7. Miadi Hundi is similar to which financial instrument?
[A] A post-dated Cheque
[B] A demand Draft
[C] A usance Bill of Exchange
[D] A Promissory Note
Show Answer
Correct Answer: C [A usance Bill of Exchange]
Notes:
Miadi Hundi, also known as Muddati Hundi, is payable after a specified period. A usance bill of exchange is a negotiable instrument also payable after a certain period, not on demand. Unlike Darshani Hundi, which is payable at sight, Miadi Hundi and usance bills both provide deferred payment terms for commercial transactions.
8. Which among the following coal producer of India is outside the Coal India Ltd?
[A] Southern Eastern Coalfields (Bilaspur)
[B] Bharat Coking Coal (Dhanbad)
[C] Mahanandi Coalfields (Sambalpur)
[D] Singerani Collieries Company (Telangana)
Show Answer
Correct Answer: D [Singerani Collieries Company (Telangana)]
Notes:
Singareni Collieries Company Limited (SCCL) is jointly owned by the Government of Telangana and Government of India on a 51:49 equity basis.
9. Who among the following heads the Trade and Economic Relations Committee (TERC) in India?
[A] Prime Minister
[B] Minister of Commerce
[C] Finance Minister
[D] Finance Secretary
Show Answer
Correct Answer: A [Prime Minister]
Notes:
The Trade and Economic Relations Committee (TERC) in India is headed by the Prime Minister. This committee was established to enhance India’s trade relations and economic policies, reflecting the government’s focus on international trade as a key driver of economic growth. The Prime Minister’s leadership underscores the importance of trade in India’s economic strategy.

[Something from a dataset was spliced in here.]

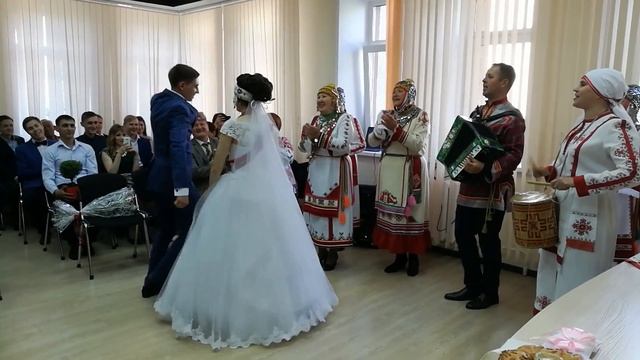 Чувашская свадьба в Чебоксарах: народные танцы, песни и национальный напиток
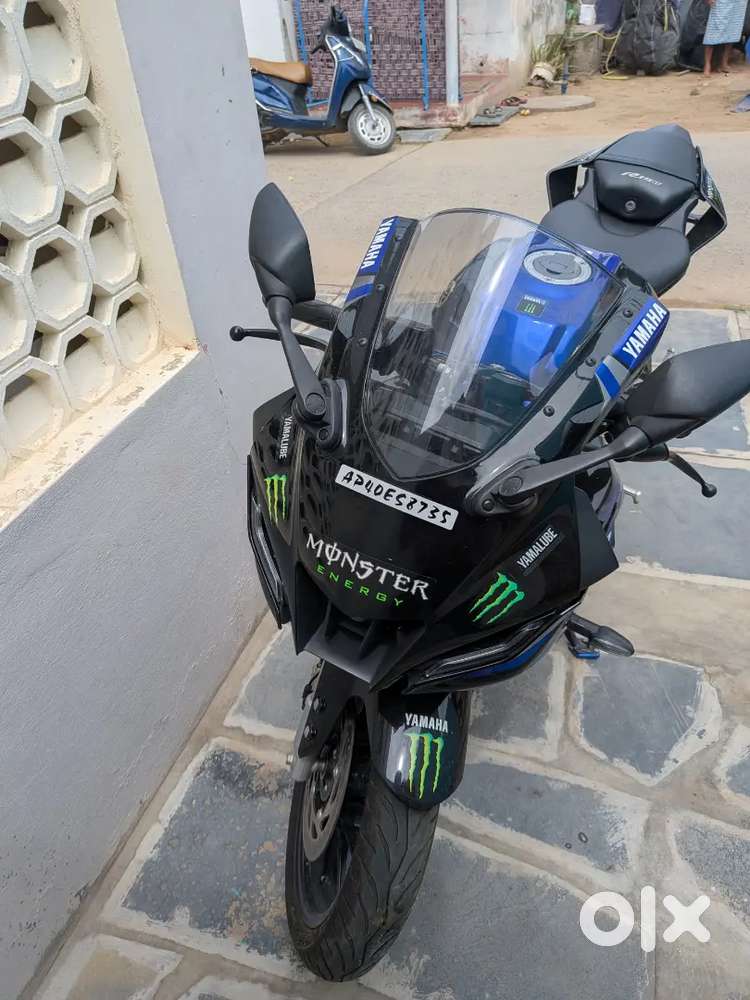 Yamaha R15 V4 Petrol 2025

10. ” Income generated from Tourism” can be placed in which among the following?
[A] Invisible Import
[B] Invisible Export
[C] Visible Import
[D] Visible Export
Show Answer
Correct Answer: B [Invisible Export]
Notes:
The correct answer is “Invisible Export.” Income from tourism is classified as an invisible export because it involves services provided to foreign visitors, generating revenue without the physical transfer of goods. This aligns with the economic concept where exports of services (like tourism) contribute to a country’s balance of payments.